Ce solide accompagne merveilleusement la véritable gloire. Vous faites un royaume florissant et puissant de ce qui n’était, sous le roi votre grand-père, qu’un royaume de vanité: vous avez connu et saisi le vrai en tout; aussi êtes vous unique en tout genre. Ce que vous faites actuellement, vaut bien votre poème sur les confédérés. Il est plaisant de détruire les gens et de les chanter.

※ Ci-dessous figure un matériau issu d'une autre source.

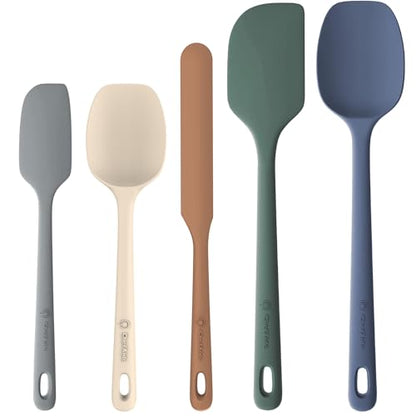 ChefAide 5 Pieces Silicone Spatulas Set, Heat Resistant Rubber Spatula - color: Neutral, size: 5 pieces
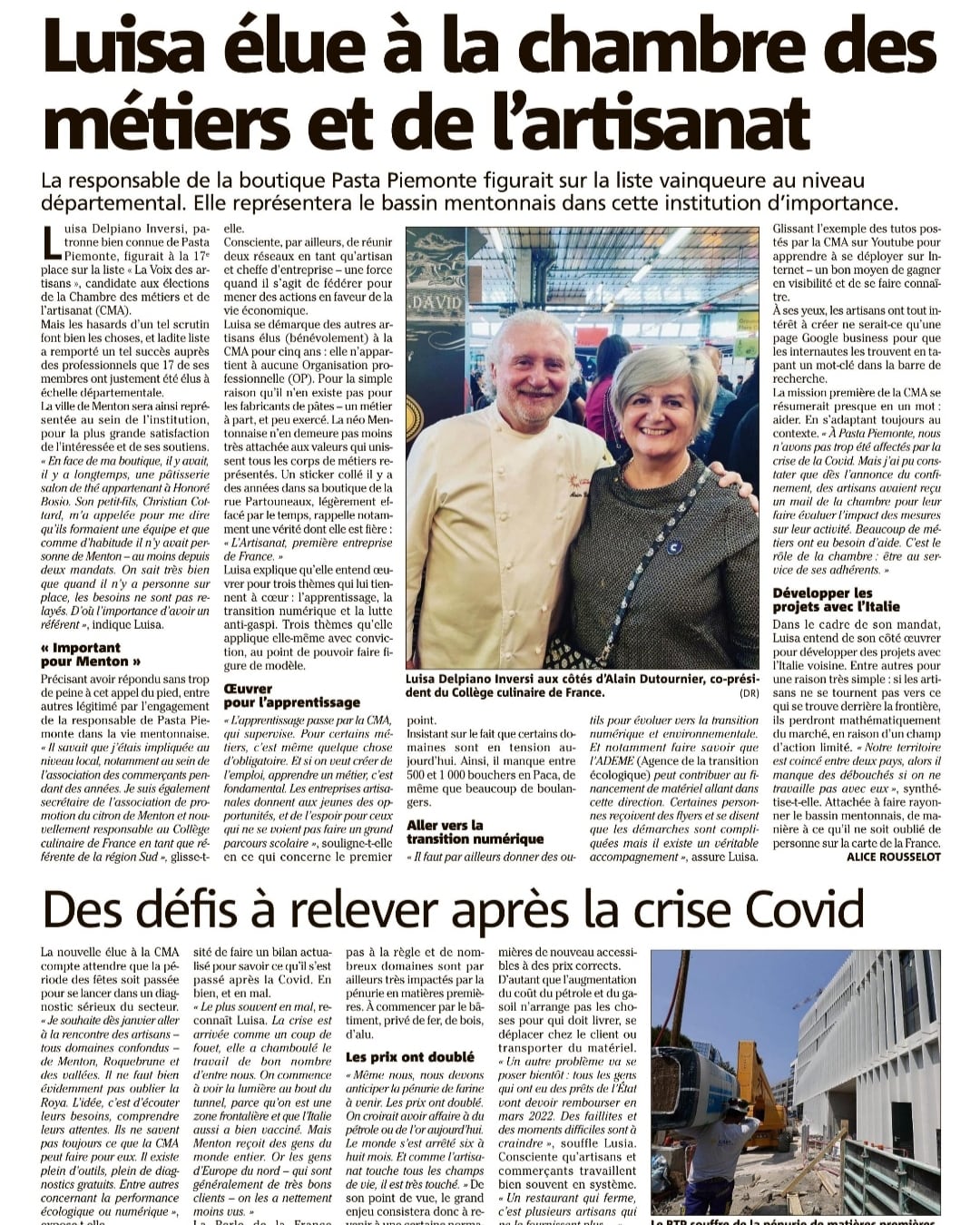 Nice-Matin article from November 2021 about Luisa Delpiano Inversi and her artisan commitments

Je dois dire à votre majesté qu’un jeune homme de vingt-cinq ans, très bon officier, très instruit, ayant servi dès l’âge de douze ans, et ne voulant plus servir que vous, est parti de Paris sans en rien dire à personne, et vient vous demander la permission de se faire casser la tête sous vos ordres. Il est d’une très ancienne noblesse, véritable marquis, et non pas de ces marquis de robe ou marquis de hasard, qui prennent leurs titres dans une auberge, et se font appeler monseigneur par les postillons qu’ils ne payent point. Il s’appelle le marquis de Sainte-Aulaire, neveu d’un lieutenant général, l’un de nos plus aimables académiciens, lequel faisait de très jolis vers à près de cent ans, comme vous en ferez, à ce que je crois et à ce que j’espère. Je pense que mon jeune marquis est actuellement à Berlin, cherchant peut-être inutilement à se présenter à votre majesté; mais on dit qu’il en est digne, et que c’est un fort bon sujet.

Le vieux malade se met à vos pieds avec attachement, admiration, respect et syndérèse.